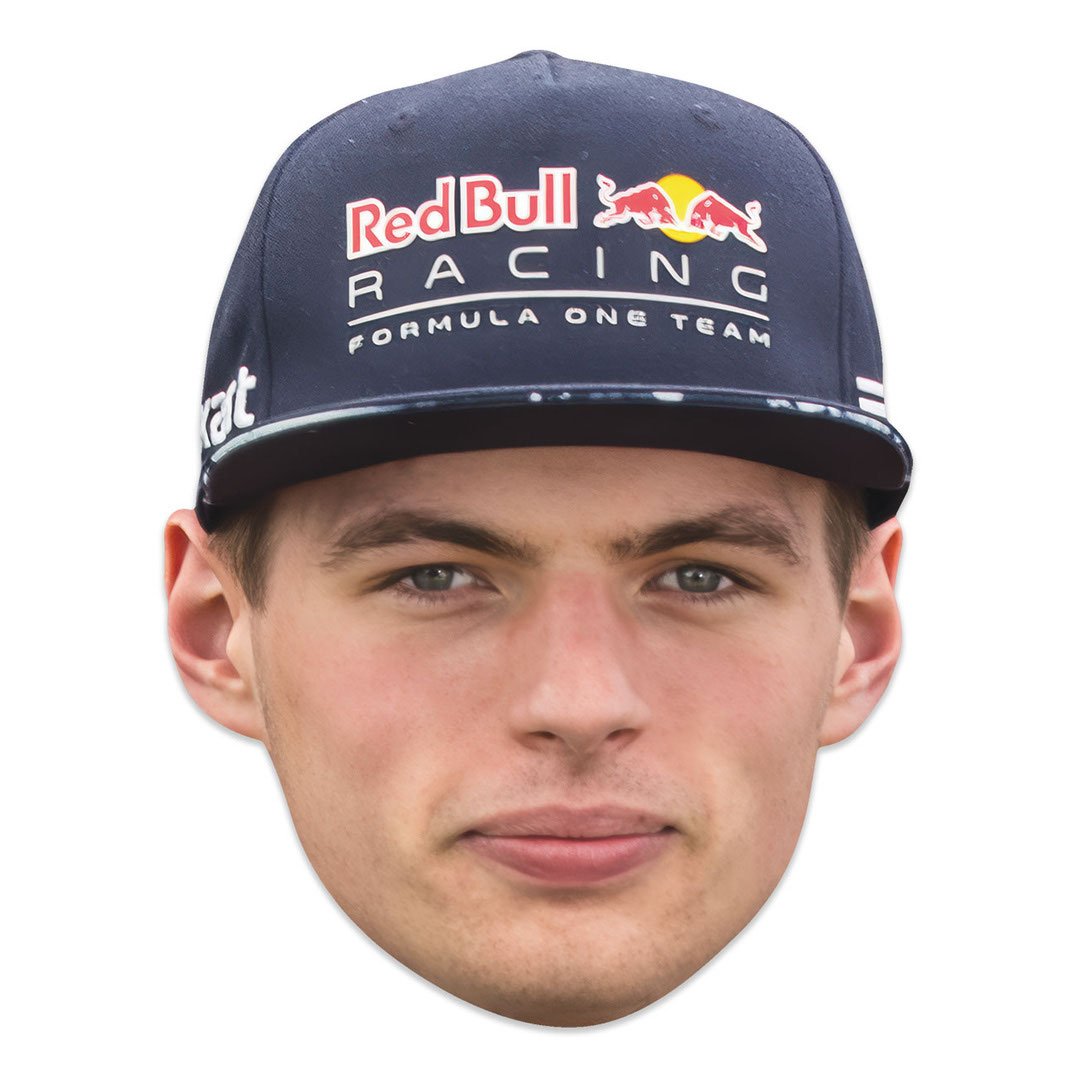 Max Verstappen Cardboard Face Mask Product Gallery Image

****

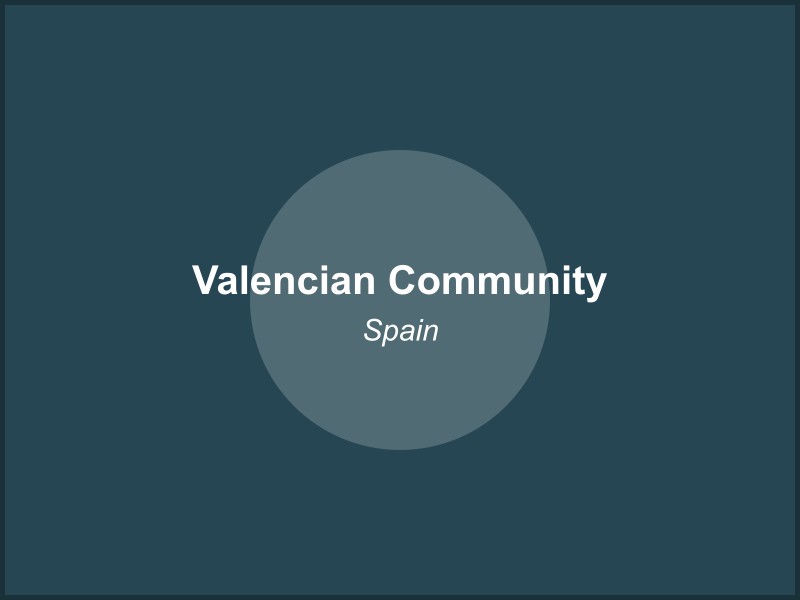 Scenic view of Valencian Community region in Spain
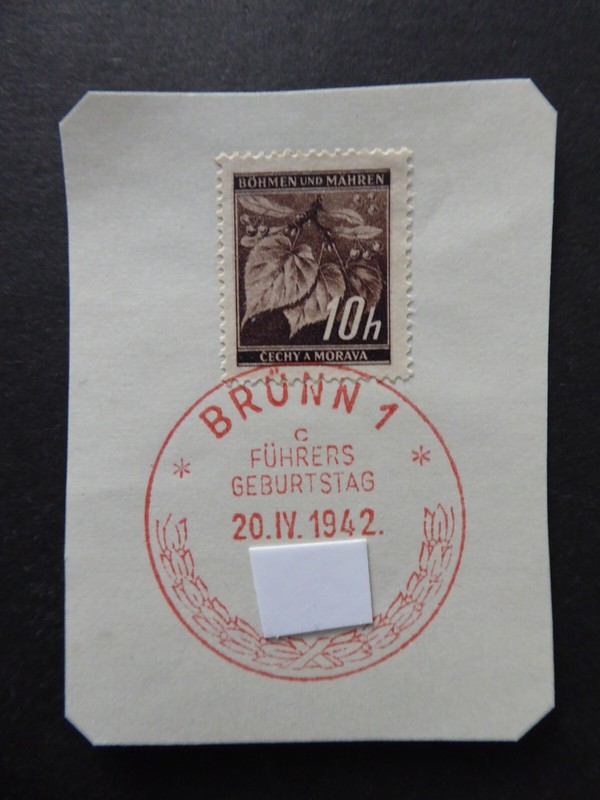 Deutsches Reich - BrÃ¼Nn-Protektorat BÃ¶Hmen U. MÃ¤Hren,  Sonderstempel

****

**Action item:** In the entries above, find the line with "Scenic view of" and the line with "Deutsches Reich - BrÃ¼Nn-Protektorat". Write out exactly those two lines and every line between them, pictures excluded.

**Reply:**
 Scenic view of Valencian Community region in Spain
 Deutsches Reich - BrÃ¼Nn-Protektorat BÃ¶Hmen U. MÃ¤Hren,  Sonderstempel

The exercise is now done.